-------- EXERCISE MATERIALS --------
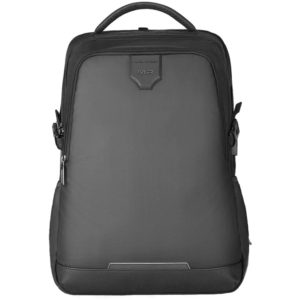 MARK RYDEN τσάντα πλάτης MR9552, με θήκη laptop 15.6, 18L, μαύρη MR9552-00.( 3 άτοκες δόσεις.)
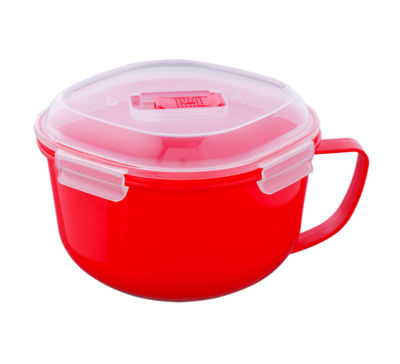 Noodle Bowl with handle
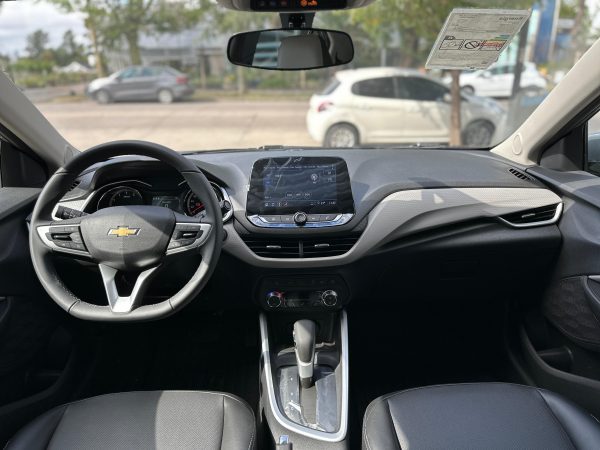 CHEVROLET ONIX PREMIER 1.0T AT - Imagen 15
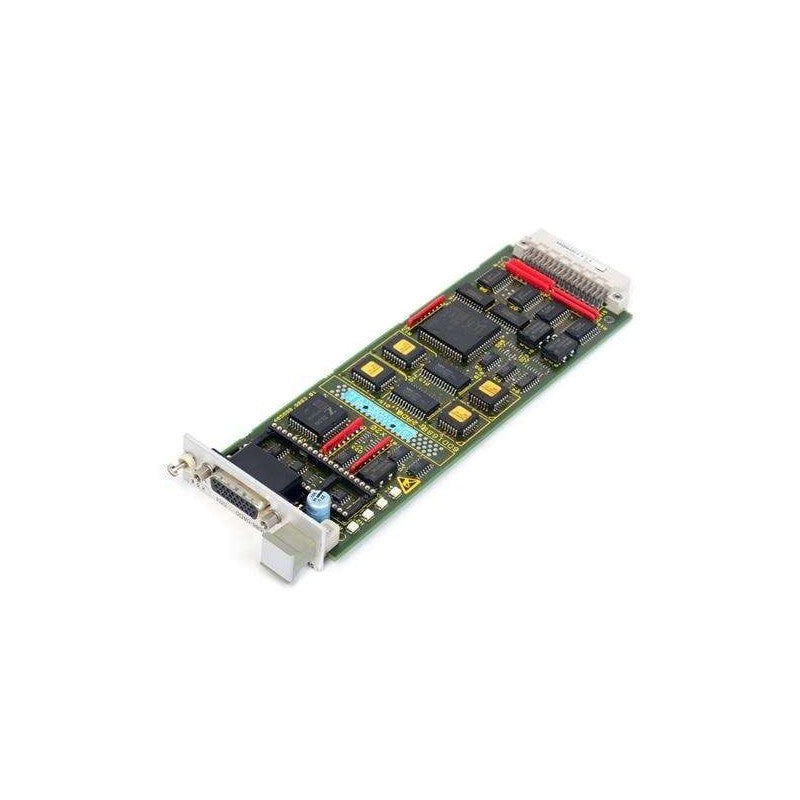 SIEMENS - 6DD1688-0AD0 - PLC Expansion Modules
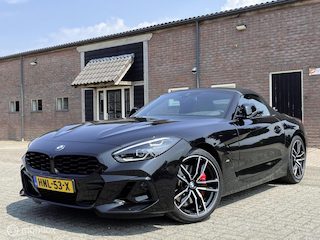 BMW Z4 Roadster sDrive30i High Executive M Sport Plus Pack I Sportrem I bj 2025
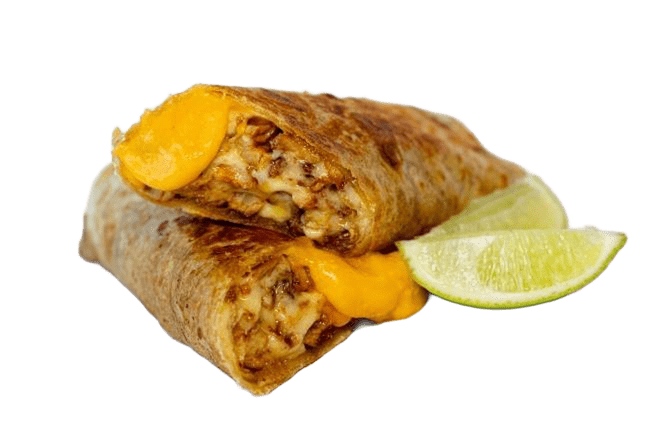 Burritos de Pastor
--------
* EXERCISE PROMPT *
Copy out all the data above exactly as written. Skip the pictures.

* ANSWER SECTION *
 MARK RYDEN τσάντα πλάτης MR9552, με θήκη laptop 15.6, 18L, μαύρη MR9552-00.( 3 άτοκες δόσεις.)
 Noodle Bowl with handle
 CHEVROLET ONIX PREMIER 1.0T AT - Imagen 15
 SIEMENS - 6DD1688-0AD0 - PLC Expansion Modules
 BMW Z4 Roadster sDrive30i High Executive M Sport Plus Pack I Sportrem I bj 2025
 Burritos de Pastor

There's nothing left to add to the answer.